**Directions for this task:** All lines from the one that contains "daiane santos nua" through the close of the entries below are to be repeated exactly, without any pictures.
======== Material to process ========
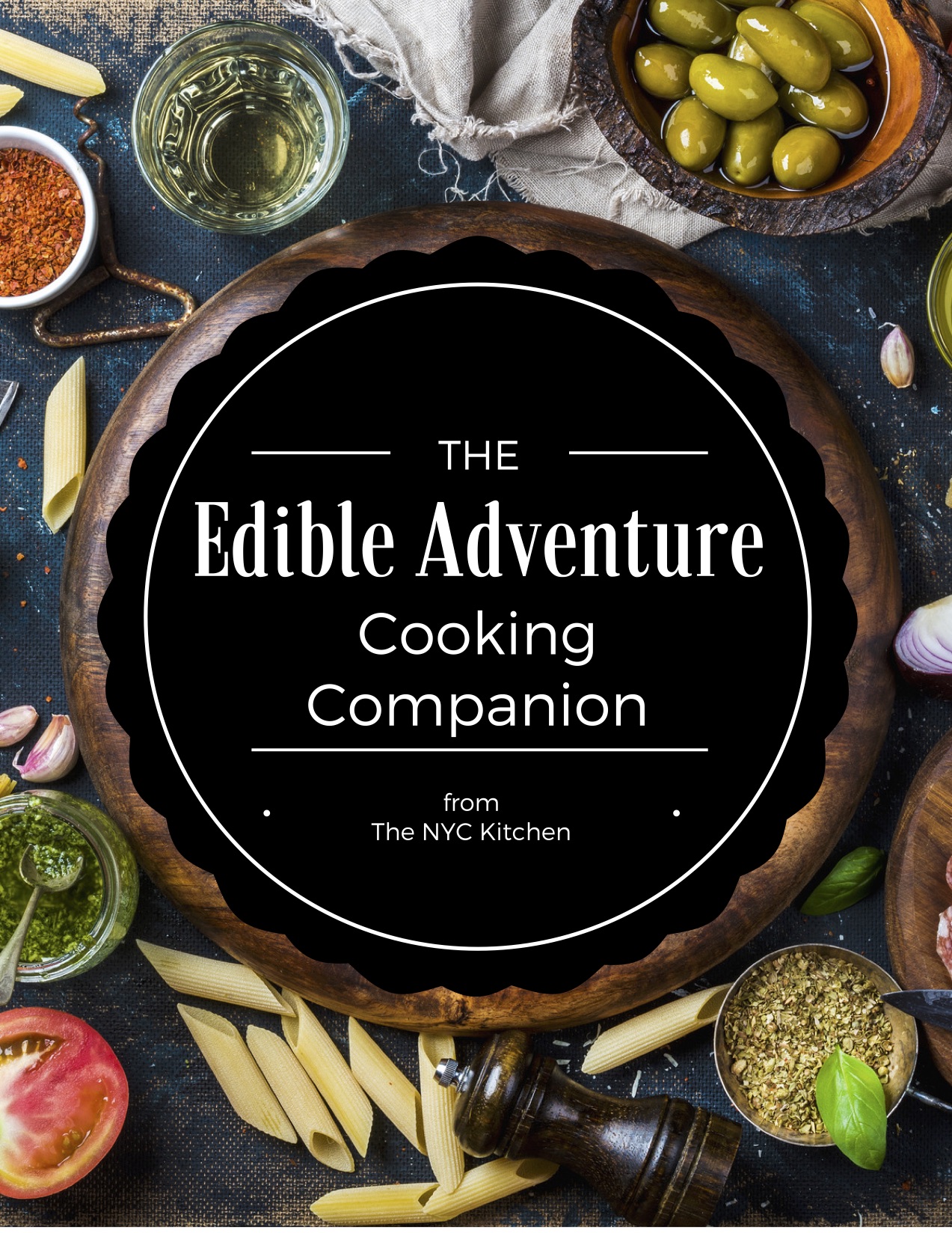 The Edible Adventure Cooking Companion - The NYC Kitchen 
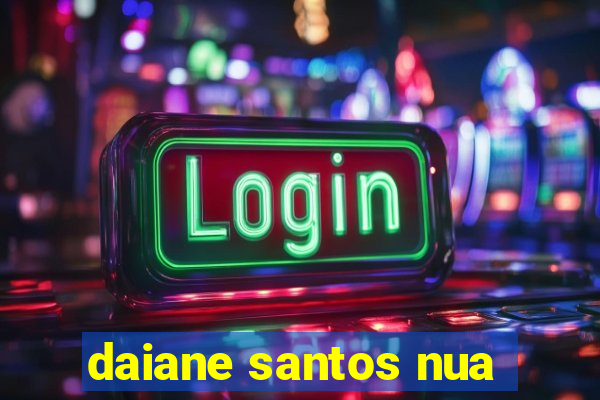 daiane santos nua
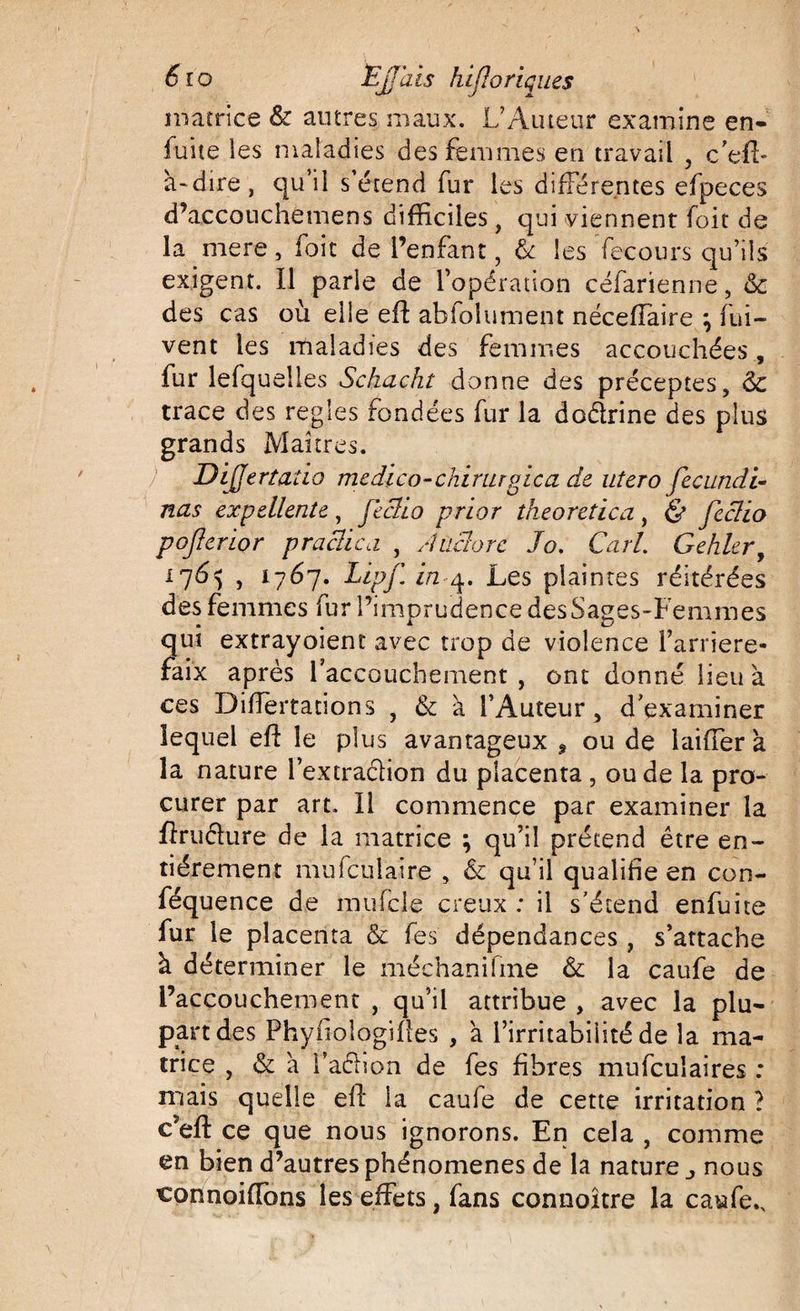 matrice &amp; autres maux. L’Auteur examine en- fuite les maladies des femmes en travail , c’efl- à-dire, qu’il s’étend fur les différentes efpeces d’acconchemens difficiles , qui viennent foit de la mere, foit de l’enfant, &amp; les fecours qu’ils exigent. Il parle de l’opération céfarienne, &amp; des cas où elle eft abfolument néceffaire } fui- vent les maladies des femmes accouchées , fur lefquelles Schacht donne des préceptes, 6c trace des réglés fondées fur la doélrine des plus grands Maîtres. Dijjertado medïco-chirurgica de utero fecundi- nas expellente, fecïio prior theoretica, &amp; feclio pojlerior praclica , Aùclorc Jo. Cari. Gehler, 176^ , 1767. Lipf. in 4. Les plaintes réitérées des femmes fur l’imprudence desSages-Femmes qui extrayoienc avec trop de violence l’arriéré- faix après l’accouchement , ont donné lieu à ces Differtanons , 6c à l’Auteur, d’examiner lequel eff le plus avantageux , ou de laifier a la nature l’extraéfion du placenta , ou de la pro¬ curer par art. Il commence par examiner la ftrufture de la matrice ; qu’il prétend être en¬ tièrement mufculaire , 6c qu’il qualifie en con- féquence de mufcle creux : il s’étend enfuite fur le placenta &amp; fes dépendances, s’attache à déterminer le méchanifme 6c la caufe de l’accouchement , qu’il attribue , avec la plu¬ part des Phyfiologifles , a l’irritabilité de la ma¬ trice , &amp; a faéhon de fes fibres mufculaires : mais quelle elf la caufe de cette irritation ? c’eft ce que nous ignorons. En cela , comme en bien d’autres phénomènes de la nature nous connoiiïons les effets, fans connoître la caufe..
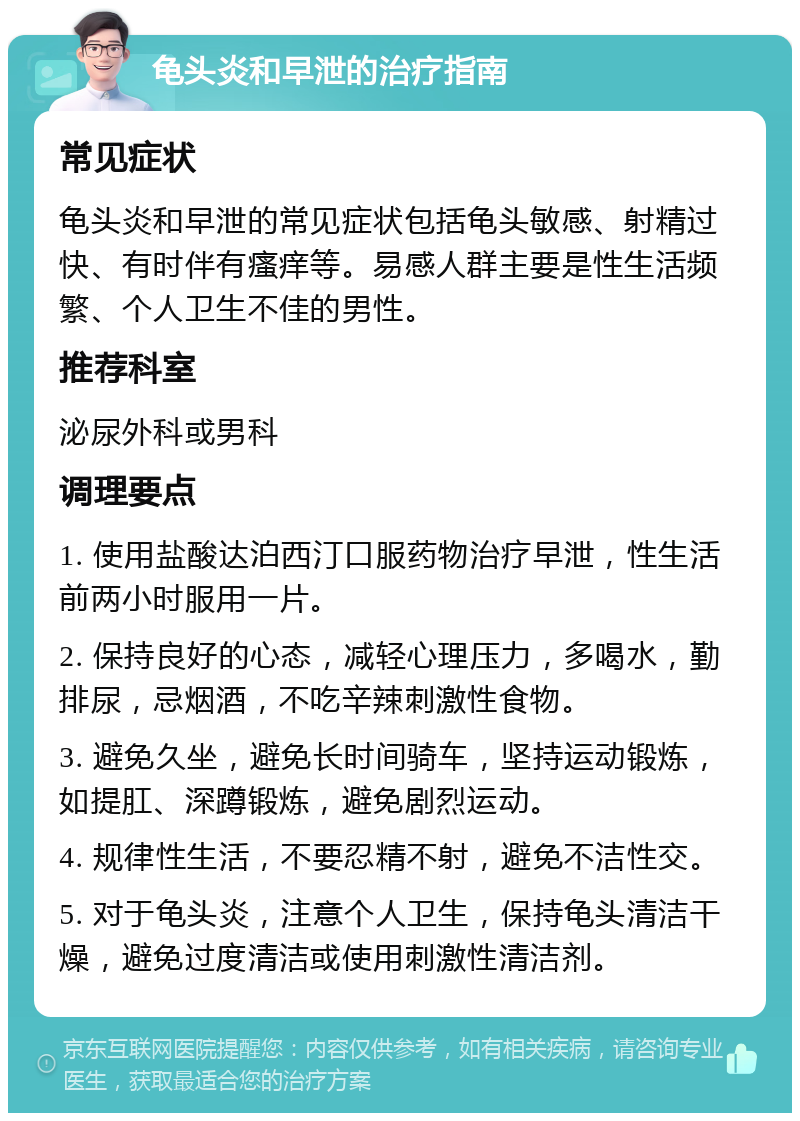 龟头炎和早泄的治疗指南 常见症状 龟头炎和早泄的常见症状包括龟头敏感、射精过快、有时伴有瘙痒等。易感人群主要是性生活频繁、个人卫生不佳的男性。 推荐科室 泌尿外科或男科 调理要点 1. 使用盐酸达泊西汀口服药物治疗早泄，性生活前两小时服用一片。 2. 保持良好的心态，减轻心理压力，多喝水，勤排尿，忌烟酒，不吃辛辣刺激性食物。 3. 避免久坐，避免长时间骑车，坚持运动锻炼，如提肛、深蹲锻炼，避免剧烈运动。 4. 规律性生活，不要忍精不射，避免不洁性交。 5. 对于龟头炎，注意个人卫生，保持龟头清洁干燥，避免过度清洁或使用刺激性清洁剂。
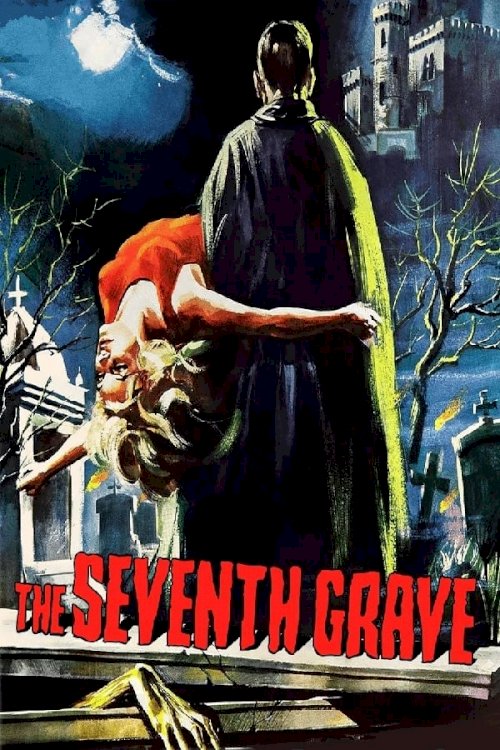 The Seventh Grave - Movie Poster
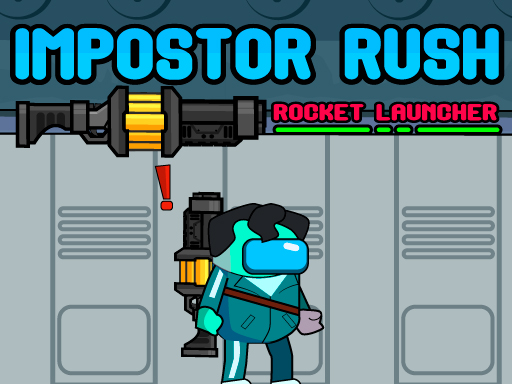 Impostor Rush Rocket Launcher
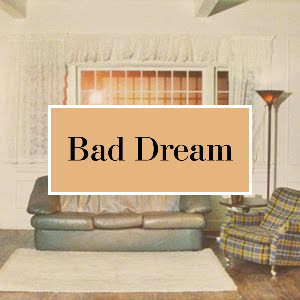Bad Dream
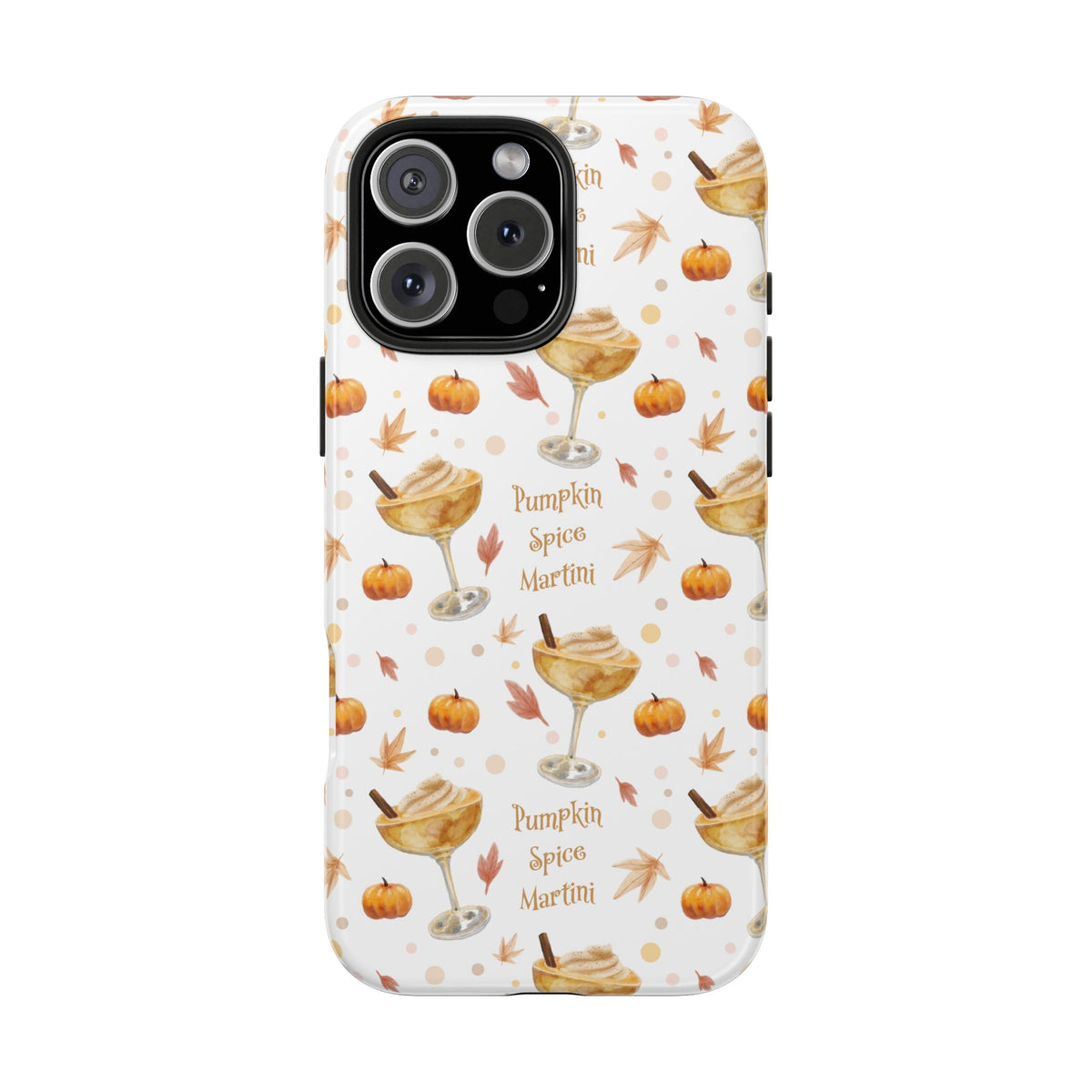 Pumpkin Spice Martini Tough Phone Case — White Pumpkin Collection Inspired Design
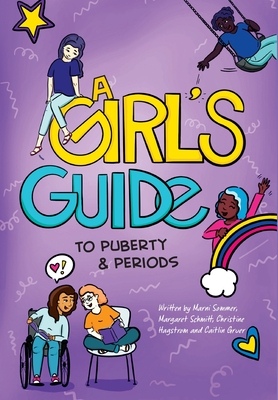 A Girl's Guide to Puberty & Periods By Marni Sommer, Margaret Schmitt, Christine Hagstrom Cover Image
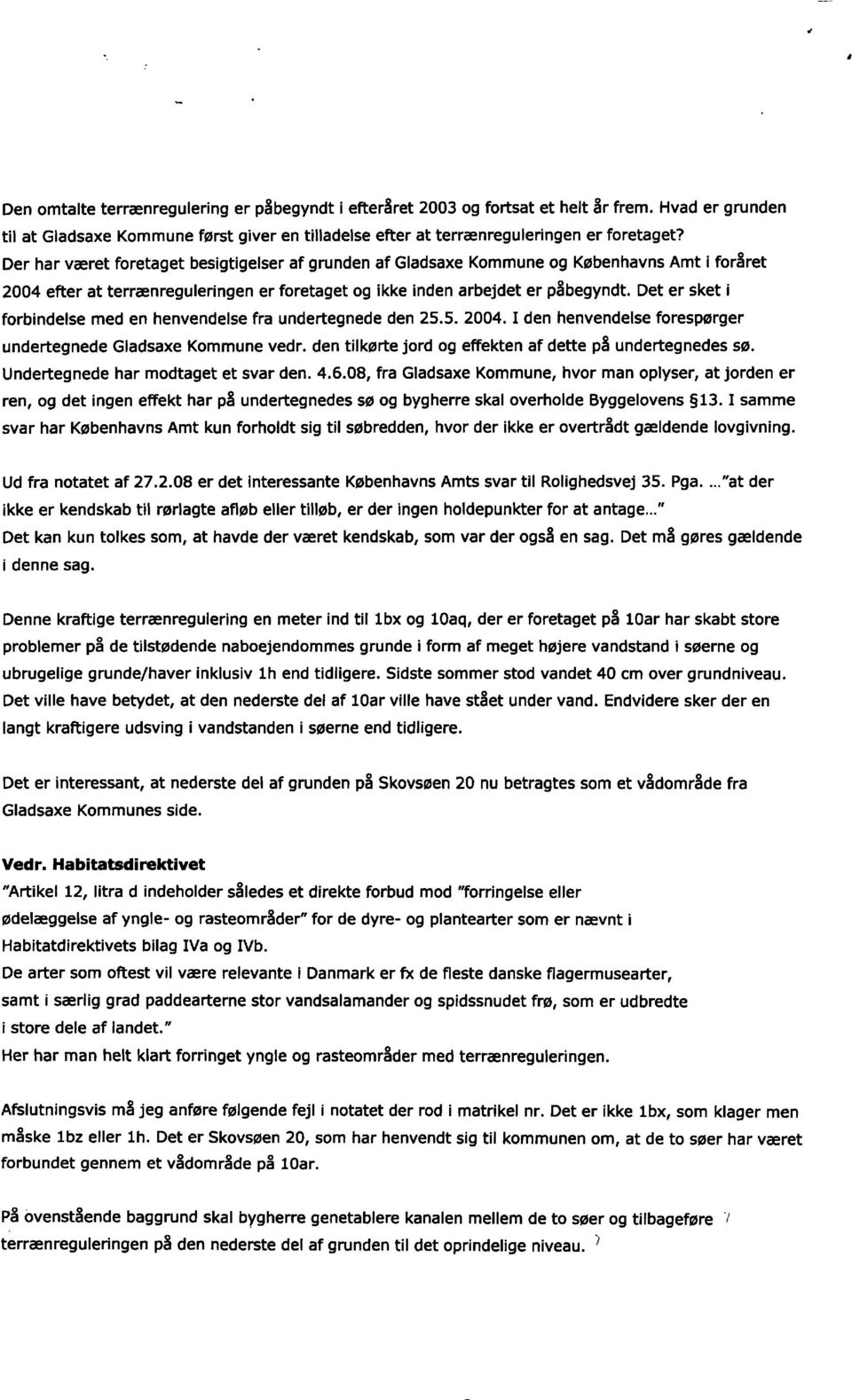 Det er sket i forbindelse med en henvendelse fra undertegnede den 25.5. 2004.1 den henvendelse forespørger undertegnede Gladsaxe Kommune vedr.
========
**Reply:**
 daiane santos nua
 matrice &amp; autres maux. L’Auteur examine en- fuite les maladies des femmes en travail , c’efl- à-dire, qu’il s’étend fur les différentes efpeces d’acconchemens difficiles , qui viennent foit de la mere, foit de l’enfant, &amp; les fecours qu’ils exigent. Il parle de l’opération céfarienne, &amp; des cas où elle eft abfolument néceffaire } fui- vent les maladies des femmes accouchées , fur lefquelles Schacht donne des préceptes, 6c trace des réglés fondées fur la doélrine des plus grands Maîtres. Dijjertado medïco-chirurgica de utero fecundi- nas expellente, fecïio prior theoretica, &amp; feclio pojlerior praclica , Aùclorc Jo. Cari. Gehler, 176^ , 1767. Lipf. in 4. Les plaintes réitérées des femmes fur l’imprudence desSages-Femmes qui extrayoienc avec trop de violence l’arriéré- faix après l’accouchement , ont donné lieu à ces Differtanons , 6c à l’Auteur, d’examiner lequel eff le plus avantageux , ou de laifier a la nature l’extraéfion du placenta , ou de la pro¬ curer par art. Il commence par examiner la ftrufture de la matrice ; qu’il prétend être en¬ tièrement mufculaire , 6c qu’il qualifie en con- féquence de mufcle creux : il s’étend enfuite fur le placenta &amp; fes dépendances, s’attache à déterminer le méchanifme 6c la caufe de l’accouchement , qu’il attribue , avec la plu¬ part des Phyfiologifles , a l’irritabilité de la ma¬ trice , &amp; a faéhon de fes fibres mufculaires : mais quelle elf la caufe de cette irritation ? c’eft ce que nous ignorons. En cela , comme en bien d’autres phénomènes de la nature nous connoiiïons les effets, fans connoître la caufe..
 龟头炎和早泄的治疗指南 常见症状 龟头炎和早泄的常见症状包括龟头敏感、射精过快、有时伴有瘙痒等。易感人群主要是性生活频繁、个人卫生不佳的男性。 推荐科室 泌尿外科或男科 调理要点 1. 使用盐酸达泊西汀口服药物治疗早泄，性生活前两小时服用一片。 2. 保持良好的心态，减轻心理压力，多喝水，勤排尿，忌烟酒，不吃辛辣刺激性食物。 3. 避免久坐，避免长时间骑车，坚持运动锻炼，如提肛、深蹲锻炼，避免剧烈运动。 4. 规律性生活，不要忍精不射，避免不洁性交。 5. 对于龟头炎，注意个人卫生，保持龟头清洁干燥，避免过度清洁或使用刺激性清洁剂。
 The Seventh Grave - Movie Poster
 Impostor Rush Rocket Launcher
Bad Dream
 Pumpkin Spice Martini Tough Phone Case — White Pumpkin Collection Inspired Design
 A Girl's Guide to Puberty & Periods By Marni Sommer, Margaret Schmitt, Christine Hagstrom Cover Image
 Det er sket i forbindelse med en henvendelse fra undertegnede den 25.5. 2004.1 den henvendelse forespørger undertegnede Gladsaxe Kommune vedr.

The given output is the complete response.